Except for the most serious offenses, most people sentenced to jail will be released to the community, so it is important that we have a plan to get people on the right track.

Studies show that work reduces repeat offenses.

The Superior Court handles all felony criminal cases, including sentencing and probation/parole supervision.  Except for the most serious offenses, most people who are convicted and sentenced to jail will get out of jail and return to the community eventually.

Probation and parole usually consists of telling defendants not to do things, such as:

• Don’t use alcohol
• Don’t use drugs
• Don’t commit new crimes
• Don’t possess weapons
• Don’t leave the state

For many, probation ends up being a big game of “gotcha!” where the probation department spends their time trying to catch the probationer doing one of the things that they aren’t supposed to be doing, with the threat of jail if they don’t comply.

The problem with the model of simply telling defendants on probation “don’t do this” and “don’t do that” is that most people can avoid doing those things for some period of time in order to avoid going back to jail.
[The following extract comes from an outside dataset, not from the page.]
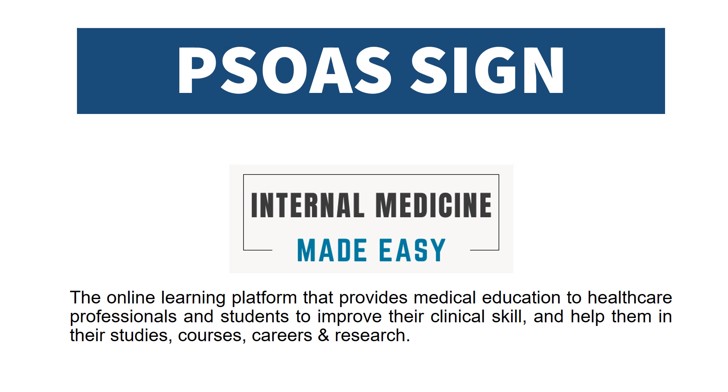Now we will discuss the SOAS sign. Welcome to our channel, Internal Medicine Made Easy, the online learning platform that provides medical education to healthcare professionals and students to improve their clinical skills and help them in their studies, courses, careers, and research.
However, long-term, without helping probationers find something productive to do, they are likely to return to court as a repeat-offender and often escalate in the seriousness of their offenses. We’re not returning people to the community any better than they started out.
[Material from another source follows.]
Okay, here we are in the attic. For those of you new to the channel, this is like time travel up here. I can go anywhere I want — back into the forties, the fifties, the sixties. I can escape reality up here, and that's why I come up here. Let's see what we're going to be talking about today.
I will create a program I call “Job Court” that will be designed to help unemployed probationers and parolees get to work and keep them employed on a long-term basis. People who are employed are far less likely to continue committing crimes. Instead of merely playing the “gotcha!” game with probationers/parolees, their period of probation/parole would be utilized to ensure that they learn the skills to become employed and the services will be directed toward making them good long-term employees who will remain employed and productive citizens.

The program would require probationers/parolees to be counseled about job training, interviewing skills, appropriate grooming and clothing for interviews, and how to be a good employee. Once employed, probationers/parolees would be required to participate in job coaching designed to make them good employees and keep them employed even after their probation/parole has concluded.

It costs about $5,000 to place and retain an ex-offender in a job.  It costs the State of Arizona more than $25,962 annually to keep one person in prison for a year.1  The cost savings is immense and should not be lost on legislators interested in reducing budgets. 

I won’t ask Cochise County to provide any funds to pay for Job Court. I will seek grant funding and community partners to fund the program, bringing additional money into Cochise County to better our community.

Smart Justice policies like Job Court will have a real impact on Cochise County and its citizens, reducing repeat offenders, redirecting defendants to productive activities before they commit a more serious crime, and making our community a safer place to live.